Project Overview (ME 210 Final Project)

Link to our website: https://me210lilbopeep.weebly.com

Problem statement: Design an autonomous robot (software,hardware and electrical design) that picks a ping pong ball in a pickup zone and drops it off on the other side of the course. The robot must pick up and drop off as many balls as possible in two minutes. However, there will be anothe robot on the course and whoever gets more balls in the final zone wins. Your robot must be autonomous, but also capable of avoiding the other robot.

Description of our project: This project was a culmination of not only mechatronics lessons learned from the ME210 class, but from past skills and knowledge in design, teamwork, and prototyping. Team members in this group succeeded because we had a great combination of technical skills, collaboration, and love for the project. All of us thoroughly enjoyed designing and manufacturing our robot and are proud of what we accomplished. Given more time, there is no doubt we would have improved on our current iteration, but team “Lil Bo Peep’s” robot is a shepherd unlike anything the world has ever seen!

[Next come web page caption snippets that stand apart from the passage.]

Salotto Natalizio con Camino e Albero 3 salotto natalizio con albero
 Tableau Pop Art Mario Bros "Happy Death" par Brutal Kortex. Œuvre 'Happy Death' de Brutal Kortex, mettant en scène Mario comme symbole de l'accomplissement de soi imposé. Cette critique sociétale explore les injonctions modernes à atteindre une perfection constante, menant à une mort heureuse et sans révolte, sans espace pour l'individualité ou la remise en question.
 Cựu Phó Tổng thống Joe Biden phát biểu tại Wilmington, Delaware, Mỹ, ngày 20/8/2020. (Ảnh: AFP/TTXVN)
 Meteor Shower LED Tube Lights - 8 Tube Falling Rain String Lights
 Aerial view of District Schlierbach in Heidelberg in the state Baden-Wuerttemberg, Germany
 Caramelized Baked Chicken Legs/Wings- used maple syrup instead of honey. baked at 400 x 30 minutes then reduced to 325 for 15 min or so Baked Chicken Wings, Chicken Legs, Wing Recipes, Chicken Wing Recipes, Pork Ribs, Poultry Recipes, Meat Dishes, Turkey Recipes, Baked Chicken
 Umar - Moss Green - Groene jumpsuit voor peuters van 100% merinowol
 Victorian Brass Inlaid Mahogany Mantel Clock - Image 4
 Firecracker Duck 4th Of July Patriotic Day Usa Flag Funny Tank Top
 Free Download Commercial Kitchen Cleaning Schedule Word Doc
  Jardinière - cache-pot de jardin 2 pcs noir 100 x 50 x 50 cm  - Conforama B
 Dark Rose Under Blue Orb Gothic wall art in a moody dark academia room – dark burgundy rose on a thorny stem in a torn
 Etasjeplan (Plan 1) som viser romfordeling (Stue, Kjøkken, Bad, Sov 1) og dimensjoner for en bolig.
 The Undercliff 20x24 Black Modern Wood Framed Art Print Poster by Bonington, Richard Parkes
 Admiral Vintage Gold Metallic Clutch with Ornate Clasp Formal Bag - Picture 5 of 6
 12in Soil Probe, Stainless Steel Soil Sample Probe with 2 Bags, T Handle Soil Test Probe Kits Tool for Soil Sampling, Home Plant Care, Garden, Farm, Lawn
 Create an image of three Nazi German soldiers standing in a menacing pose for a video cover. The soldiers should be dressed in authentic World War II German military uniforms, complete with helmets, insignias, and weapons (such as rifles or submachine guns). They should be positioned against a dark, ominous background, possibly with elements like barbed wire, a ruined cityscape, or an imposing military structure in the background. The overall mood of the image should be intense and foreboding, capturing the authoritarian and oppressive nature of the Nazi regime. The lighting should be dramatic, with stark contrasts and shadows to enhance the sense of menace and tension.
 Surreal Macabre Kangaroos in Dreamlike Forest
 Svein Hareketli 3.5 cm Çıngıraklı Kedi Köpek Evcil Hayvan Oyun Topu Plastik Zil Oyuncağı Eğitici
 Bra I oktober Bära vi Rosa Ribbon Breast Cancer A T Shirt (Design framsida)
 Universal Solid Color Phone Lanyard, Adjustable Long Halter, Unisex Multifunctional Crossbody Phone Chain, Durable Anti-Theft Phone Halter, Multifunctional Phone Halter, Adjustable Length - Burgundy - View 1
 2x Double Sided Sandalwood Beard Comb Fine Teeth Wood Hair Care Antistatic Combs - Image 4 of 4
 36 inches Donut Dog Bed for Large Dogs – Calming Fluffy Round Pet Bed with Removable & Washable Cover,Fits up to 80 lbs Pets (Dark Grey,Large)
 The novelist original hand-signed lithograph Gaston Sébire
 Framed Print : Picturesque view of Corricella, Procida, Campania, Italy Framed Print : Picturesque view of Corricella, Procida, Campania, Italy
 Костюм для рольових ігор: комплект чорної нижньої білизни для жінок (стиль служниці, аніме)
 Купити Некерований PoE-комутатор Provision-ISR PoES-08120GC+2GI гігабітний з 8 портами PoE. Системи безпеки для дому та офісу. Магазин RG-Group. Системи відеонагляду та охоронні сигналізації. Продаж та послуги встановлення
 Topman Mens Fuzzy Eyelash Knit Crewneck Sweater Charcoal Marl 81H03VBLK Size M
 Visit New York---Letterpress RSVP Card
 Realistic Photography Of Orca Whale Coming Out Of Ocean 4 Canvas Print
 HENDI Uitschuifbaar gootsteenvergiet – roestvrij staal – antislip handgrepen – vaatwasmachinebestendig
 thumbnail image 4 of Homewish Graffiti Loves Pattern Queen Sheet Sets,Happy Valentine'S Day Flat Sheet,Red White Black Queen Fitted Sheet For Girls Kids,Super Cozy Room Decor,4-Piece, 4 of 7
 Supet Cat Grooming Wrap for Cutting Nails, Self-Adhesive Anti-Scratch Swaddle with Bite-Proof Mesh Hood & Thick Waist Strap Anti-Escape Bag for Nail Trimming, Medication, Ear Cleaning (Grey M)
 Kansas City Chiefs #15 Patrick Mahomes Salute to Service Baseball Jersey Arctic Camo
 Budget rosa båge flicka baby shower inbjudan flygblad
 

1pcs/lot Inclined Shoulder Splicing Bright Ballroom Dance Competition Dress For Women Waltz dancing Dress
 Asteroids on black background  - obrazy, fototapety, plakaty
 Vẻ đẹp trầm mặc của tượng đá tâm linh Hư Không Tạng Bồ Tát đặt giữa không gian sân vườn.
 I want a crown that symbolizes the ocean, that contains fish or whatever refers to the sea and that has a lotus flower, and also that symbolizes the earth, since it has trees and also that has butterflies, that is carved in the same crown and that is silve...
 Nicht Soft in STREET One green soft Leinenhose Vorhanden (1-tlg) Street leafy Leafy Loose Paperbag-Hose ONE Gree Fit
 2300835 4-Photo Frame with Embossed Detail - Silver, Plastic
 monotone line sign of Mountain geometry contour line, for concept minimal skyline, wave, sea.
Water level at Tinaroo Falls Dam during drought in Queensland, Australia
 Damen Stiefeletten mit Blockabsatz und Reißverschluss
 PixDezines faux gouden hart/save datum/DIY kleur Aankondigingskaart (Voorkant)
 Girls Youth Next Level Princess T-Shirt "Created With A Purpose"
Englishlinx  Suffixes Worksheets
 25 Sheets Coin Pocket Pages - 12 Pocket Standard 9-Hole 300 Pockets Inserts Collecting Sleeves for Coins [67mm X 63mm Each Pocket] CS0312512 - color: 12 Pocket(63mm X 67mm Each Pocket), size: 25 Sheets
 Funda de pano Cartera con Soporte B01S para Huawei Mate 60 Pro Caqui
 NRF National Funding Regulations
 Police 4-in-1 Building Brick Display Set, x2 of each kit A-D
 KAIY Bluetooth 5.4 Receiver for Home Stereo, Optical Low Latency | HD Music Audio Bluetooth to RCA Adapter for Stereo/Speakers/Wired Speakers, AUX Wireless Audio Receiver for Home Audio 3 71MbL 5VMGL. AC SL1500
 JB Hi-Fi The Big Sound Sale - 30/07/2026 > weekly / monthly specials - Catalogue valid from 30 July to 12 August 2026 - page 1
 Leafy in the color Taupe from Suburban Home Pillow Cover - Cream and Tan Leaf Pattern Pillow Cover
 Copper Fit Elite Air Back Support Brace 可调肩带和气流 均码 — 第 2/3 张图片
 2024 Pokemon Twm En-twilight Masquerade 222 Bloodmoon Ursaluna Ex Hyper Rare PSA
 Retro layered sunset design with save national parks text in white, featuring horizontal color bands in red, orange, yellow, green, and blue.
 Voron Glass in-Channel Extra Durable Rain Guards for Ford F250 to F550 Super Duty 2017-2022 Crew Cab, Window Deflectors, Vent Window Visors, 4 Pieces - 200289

Control code (C++): For our robot’s software, we drew inspiration from many of the examples and prior labs completed in this class, specifically Lab 0. We structured our code by outlining multiple different states and pairing said states with a global events function. The loop would iterate over a set of switch functions that change the movement direction and task state of our robot, while also checking for new global events that triggered. Global event triggers included our bumper sensors, various timers (loading timer during the loading process, backup timer for the reverse move after unloading, a stall timer during a cycle reset, and the game timer), and two switches which either determined the team color or a reset switch. These global events were paired with other path specific conditions which when satisfied switched the states of our robot. Movement states included the four cardinal directions as well as four diagonal directions. We also had task states to help identify the stage of the robot including dropoff, findloading, and gameover states. Additional parts of our code included functions to drive the motors in specific directions, code to read the state of the switches, and code to move the servo during the dropoff phase.